My life really feels like a train wreck.

I am not real sure why I am here. I guess I'm lonely. Hurt. Mad. Disappointed. Feeling foolish and stupid. 

5 years down the drain. 

We have no children together. We aren't married. We live together. It sucks. 

Tonight is night one of him being God knows where doing God knows what. 
I'm keeping it together for the most part. 

I truly feel like I will break in half. 

But I ended it. A simple text after a week long fight that seems to be the cycle we're in. We're in, I guess. 

My heart is broken.


----------



## sidney2718 (Nov 2, 2013)

Sorry to hear this. Breaking up is hard. There's a hole in your heart right now.

But there must have been a good reason why you broke up with him. I figure you need to get your own life in order. And you will. Time will let the hole in your heart heal.


----------



## Satya (Jun 22, 2012)

Although it hurts now, you will do better if you learn from the experience. 

Not to belittle your time invested, but I wasted 13 years with the wrong person. Some posters have wasted 20...40+ years. We are all capable of growing, learning, and making great lives for ourselves, regardless of our age. 

I truly believe that.


----------



## happy as a clam (Jan 5, 2014)

Satya said:


> Some posters have wasted 20...40+ years. We are all capable of growing, learning, and making great lives for ourselves, regardless of our age.
> 
> I truly believe that.


Count me as one of the ones who spent 20 years in a sad, controlling, sexless marriage. But it was not a total waste -- I got my two beautiful children from that union. Wouldn't change a SINGLE part of my life because it all led me to where I am now.

OP... Hang in there and accept the fact that it's ALL part of that mysterious tapestry we call "life"...

Keep moving forward.
_Posted via Mobile Device_


----------



## Max.HeadRoom (Jun 28, 2014)

When my 1st wife died in 2002 I had similar feelings. I did like what is called “the 180” here. Started doing the things that I did b4 we were together that brought me joy. This helped build me back up & led to so many new and happy things in my life. 

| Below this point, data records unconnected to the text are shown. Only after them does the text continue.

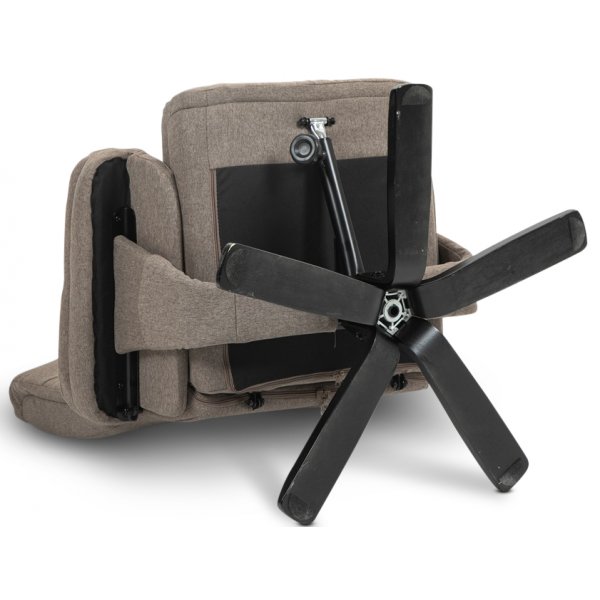 Oslon lepotuoli jakkaralla tummaa beigeä kangasta Oslon lepotuoli jakkaralla tummaa beigeä kangasta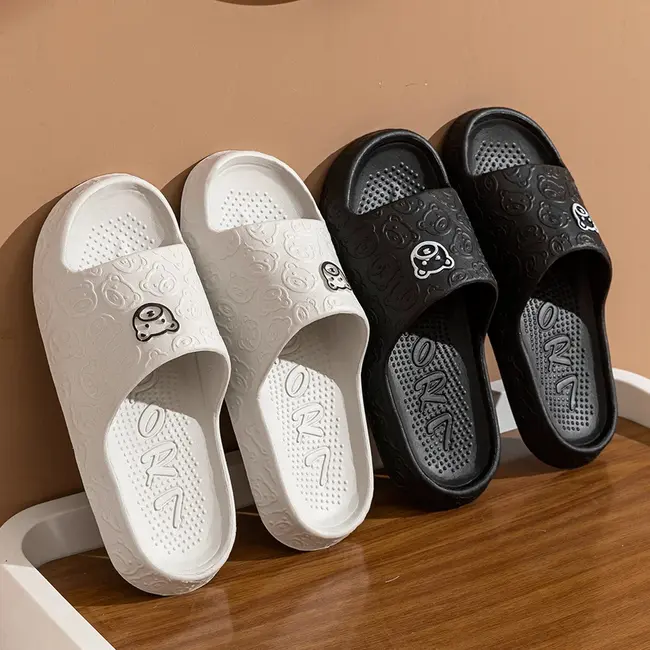 Printting Cute Bear Women Slippers Summer Indoor Soft Cartoon Sandals Bathroom Anti-slip Outdoor Comfy Men Leisure Shoes Couple 1021_18961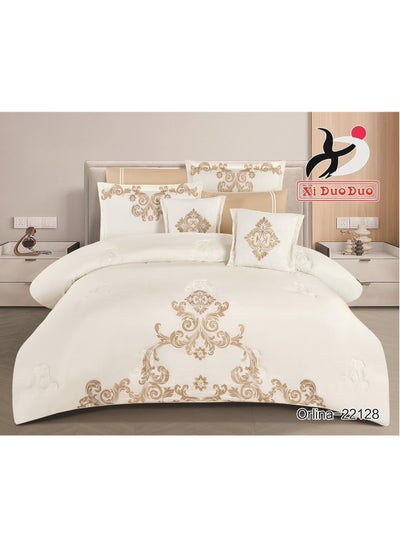 Buy Nephrine quilt set, microfiber embroidered bedspread, consisting of 8 pieces, king size quilt, 240 x 260 cm. in Saudi Arabia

I switched my bedroom & rearranged my home. Through more efferent in to my job. Took long hikes & bike rides. Rediscovered old hobbies. Looked up friends I had lost contact with. Started dabbling in dating again. It was all scary, difficult and new; I kept telling myself thet I need to move forward, just one step in front of the next.

Do almost anything but wallow in your lost.


----------



## AVR1962 (May 30, 2012)

As hard as this is it is good to get out now before any children. It might seem like a waste of time but take it all as lessons learned. Be thankful that you did not marry and start a family. I could saying I wasted 27 years of my life to my STBXH but rather than see it that way I am looking forward to a new life and leaving the hurt behind.


----------